In the silence of a midwinter dusk, there is far off in the deeps of it somewhere a sound so faint that for all you can tell it may be only the sound of the silence itself. You hold your breath to listen. You walk up the steps to the front door. The empty windows at either side of it tell you nothing, or almost nothing. For a second you catch a whiff in the air of some fragrance that reminds you of a place you’ve never been and a time you have no words for. You are aware of the beating of your heart. The extraordinary thing that is about to happen is matched only by the extraordinary moment just before it happens. Advent is the name of that moment. ~Frederick Buechner
I’ve been thinking a lot about the silence of those 400 years between Malachi and Matthew. Especially about what it was like at the end of that 400 years. Those days right before the angel appeared to Mary. The dark nights leading up to the star that led to the King. What were those like? After four centuries and many generations had come and gone, were God’s people desperate? Were they still clinging to hope? What astounded Mary more–the news that she was going to carry the Savior or the news that her Savior was finally coming?

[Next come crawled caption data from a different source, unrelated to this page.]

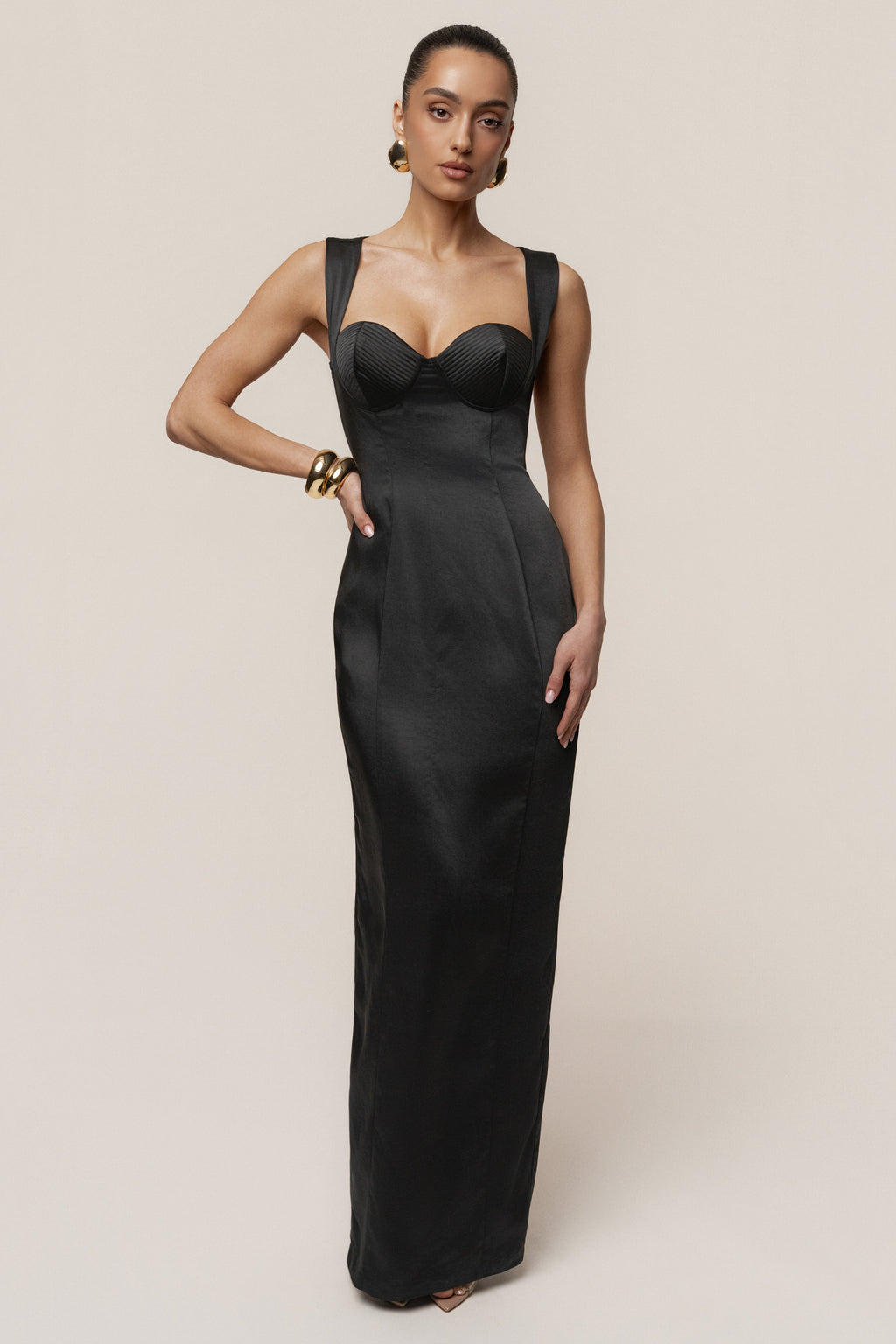 Vestido largo de satén negro Amour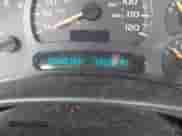 2003 Chevrolet Silverado 1500 Work Truck z VIN 1GCEK14V13E181533, wystawiony jako IAAI lot #43577970 z przebiegiem 78 238 mil mil oraz . Historia ofert i sprzedaży dostępna na DreamBid. Obrazek 7.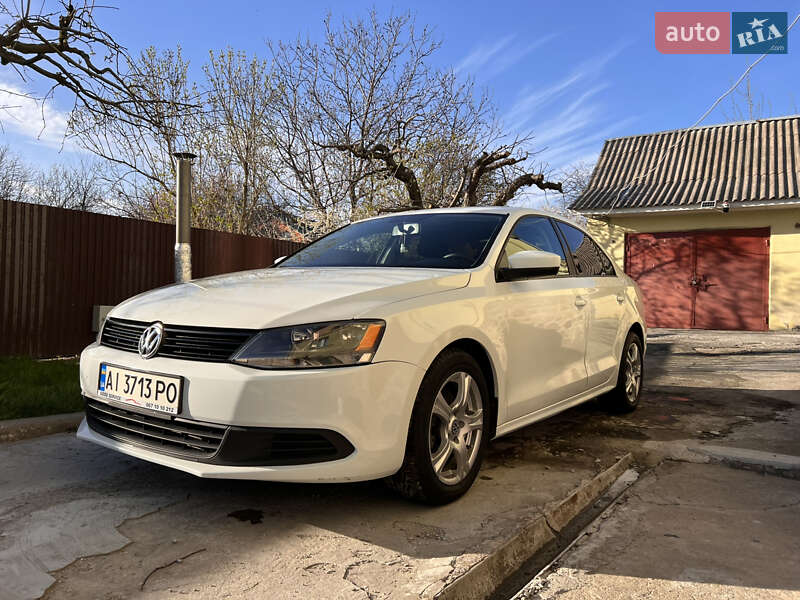 Volkswagen Jetta (2016)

Why would our God who has the power to speak a word and cause the seas to gather and the bush to burn and the stars to splay–why would He ever wait?
What if the wait is for us?
“Then Jesus became explicit: ‘Lazarus died. And I am glad for your sakes that I wasn’t there. You’re about to be given new grounds for believing. Now let’s go to him.” John 11:14-15, The Message
For those of us in the wait, we’re about to be given new grounds for believing. We are in the extraordinary moment just before it happens. Advent.